*YOUR INSTRUCTIONS:* Return all of the entries word for word, but omit the pictures they contain.
*** Opening of AVAILABLE DATA ***
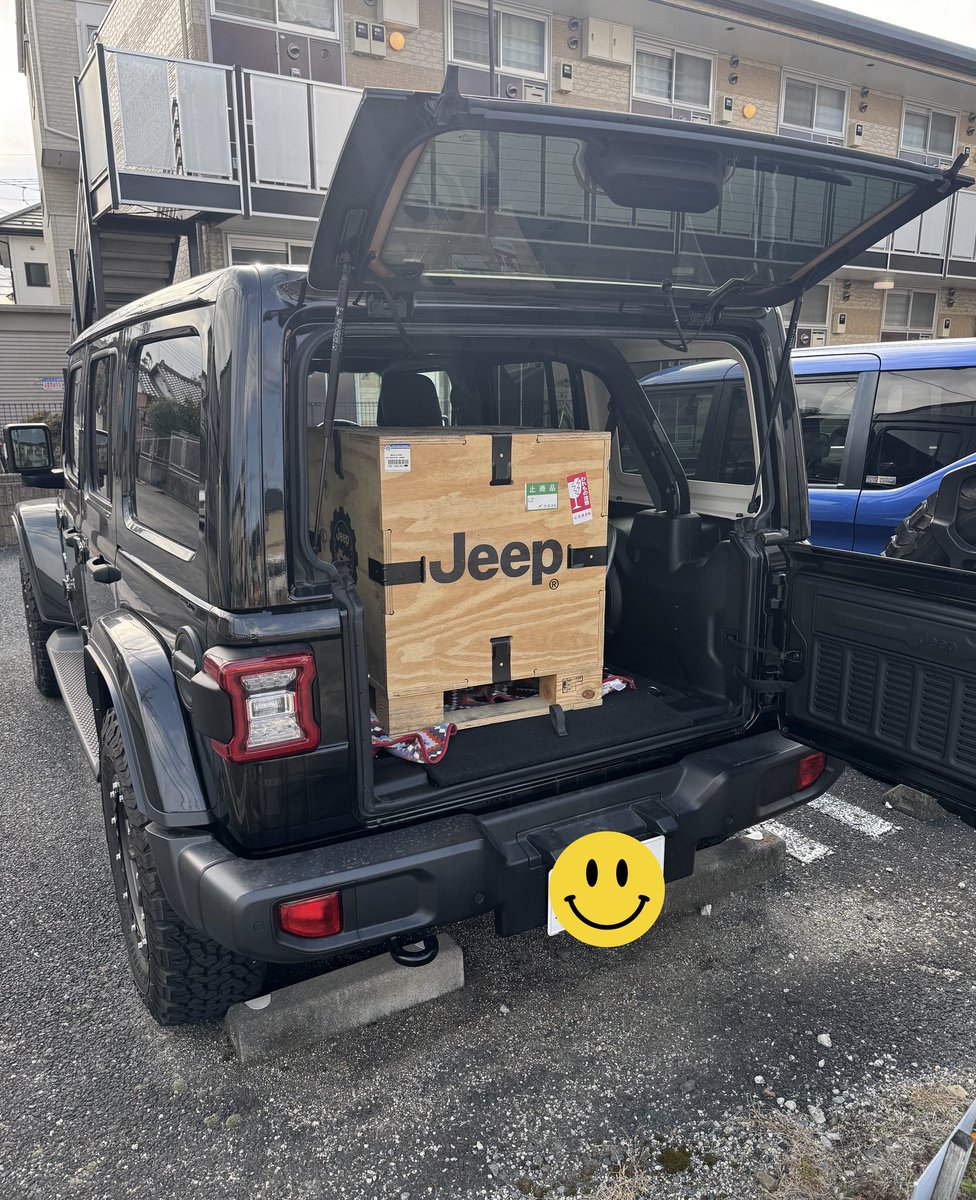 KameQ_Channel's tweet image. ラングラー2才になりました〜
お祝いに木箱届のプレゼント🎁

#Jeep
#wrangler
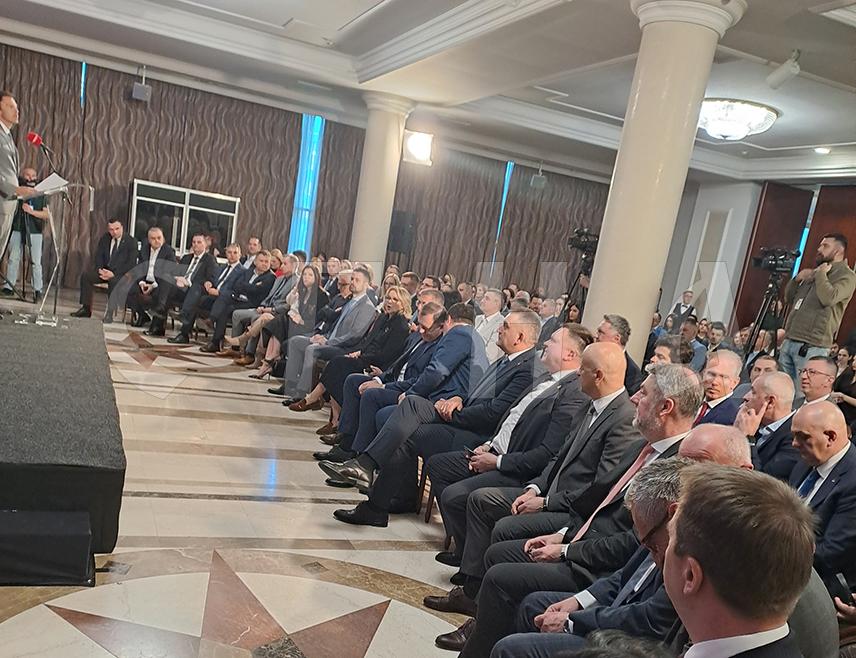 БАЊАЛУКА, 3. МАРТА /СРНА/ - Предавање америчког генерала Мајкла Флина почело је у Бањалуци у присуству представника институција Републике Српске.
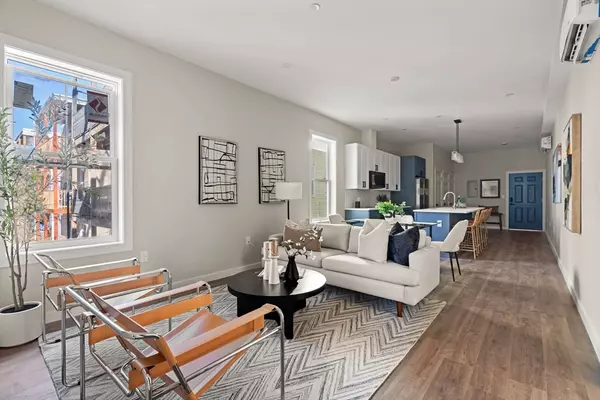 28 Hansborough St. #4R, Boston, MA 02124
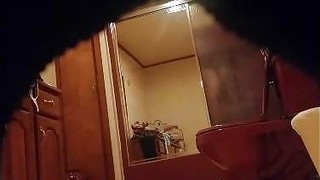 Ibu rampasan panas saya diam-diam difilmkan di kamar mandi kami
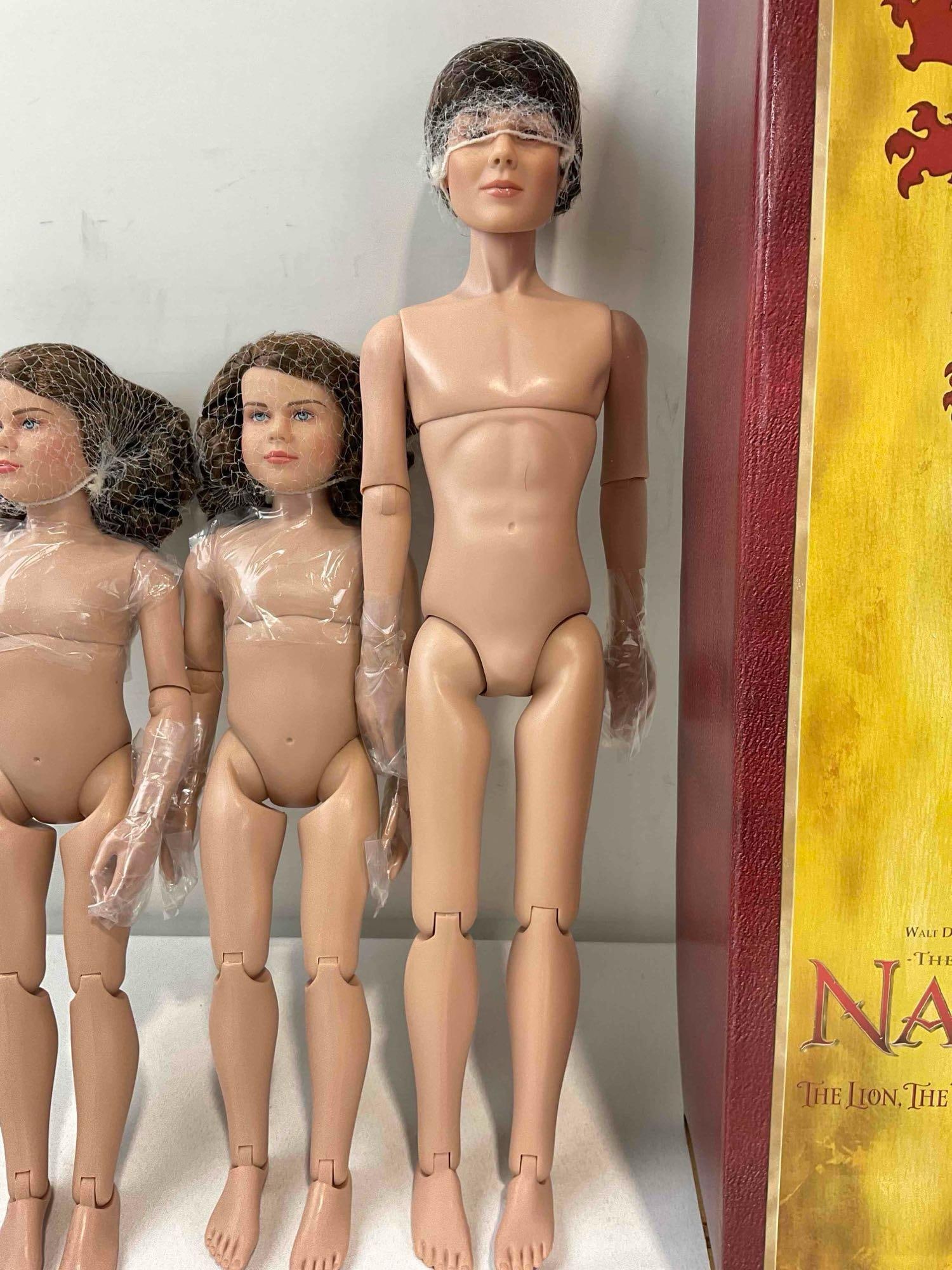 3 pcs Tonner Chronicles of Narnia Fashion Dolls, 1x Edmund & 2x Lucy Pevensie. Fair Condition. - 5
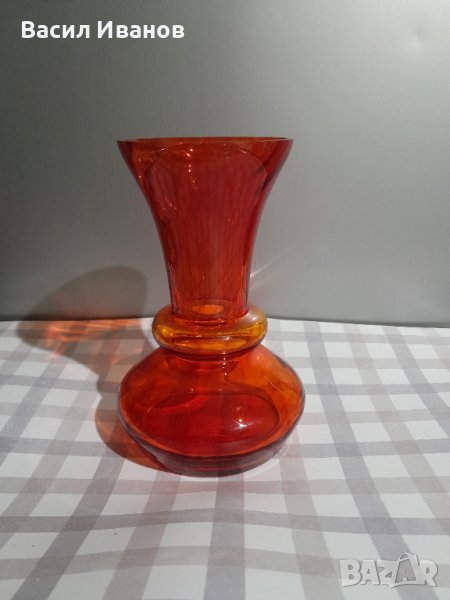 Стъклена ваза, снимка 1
*** Close of AVAILABLE DATA ***
*SOLVED EXERCISE:*
 KameQ_Channel's tweet image. ラングラー2才になりました〜
お祝いに木箱届のプレゼント🎁

#Jeep
#wrangler
 БАЊАЛУКА, 3. МАРТА /СРНА/ - Предавање америчког генерала Мајкла Флина почело је у Бањалуци у присуству представника институција Републике Српске.
 28 Hansborough St. #4R, Boston, MA 02124
 Ibu rampasan panas saya diam-diam difilmkan di kamar mandi kami
 3 pcs Tonner Chronicles of Narnia Fashion Dolls, 1x Edmund & 2x Lucy Pevensie. Fair Condition. - 5
 Стъклена ваза, снимка 1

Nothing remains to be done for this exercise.